Google's Custom Chip Can Accelerate Machine Learning Jobs
On the heels of open sourcing TensorFlow, a possibly hugely influential contribution to the field of machine learning, Google recently officially released TensorFlow Serving to the open-source community. TensorFlow Serving is billed as "a high performance, open source serving system for machine learning models, designed for production environments and optimized for TensorFlow." TensorFlow itself is the actual engine behind several Google tools you may already use, including Google Photos and the speech recognition found in the Google app.
Now, Google has delivered another important complement to TensorFlow, which is a custom chip called Tensor Processing Unit, or TPU. At the Google I/O conference this week, CEO Sundar Pichai said the TPU provides an order of magnitude faster performance per watt than existing chips for machine learning jobs. It could help democratize inexpensive machine learning.
Google engineer Norm Jouppi, in a blog post, said:
"Machine learning provides the underlying oomph to many of Google’s most-loved applications. In fact, more than 100 teams are currently using machine learning at Google today, from Street View, to Inbox Smart Reply, to voice search. But one thing we know to be true at Google: great software shines brightest with great hardware underneath. That’s why we started a stealthy project at Google several years ago to see what we could accomplish with our own custom accelerators for machine learning applications. The result is called a Tensor Processing Unit (TPU), a custom ASIC we built specifically for machine learning — and tailored for TensorFlow. We’ve been running TPUs inside our data centers for more than a year, and have found them to deliver an order of magnitude better-optimized performance per watt for machine learning. This is roughly equivalent to fast-forwarding technology about seven years into the future (three generations of Moore’s Law).

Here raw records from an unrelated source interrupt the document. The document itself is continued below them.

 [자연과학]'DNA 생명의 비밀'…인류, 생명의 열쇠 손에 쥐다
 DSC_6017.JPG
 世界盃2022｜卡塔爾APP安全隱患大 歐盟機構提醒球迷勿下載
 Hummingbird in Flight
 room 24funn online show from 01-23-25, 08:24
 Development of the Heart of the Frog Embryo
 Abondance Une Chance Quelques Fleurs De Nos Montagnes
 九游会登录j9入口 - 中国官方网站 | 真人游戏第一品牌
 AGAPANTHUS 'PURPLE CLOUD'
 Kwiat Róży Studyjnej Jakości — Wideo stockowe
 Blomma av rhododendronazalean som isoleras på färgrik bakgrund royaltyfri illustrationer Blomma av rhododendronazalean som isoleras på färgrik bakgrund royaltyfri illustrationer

TPU is tailored to machine learning applications, allowing the chip to be more tolerant of reduced computational precision, which means it requires fewer transistors per operation. Because of this, we can squeeze more operations per second into the silicon, use more sophisticated and powerful machine learning models and apply these models more quickly, so users get more intelligent results more rapidly. A board with a TPU fits into a hard disk drive slot in our data center racks."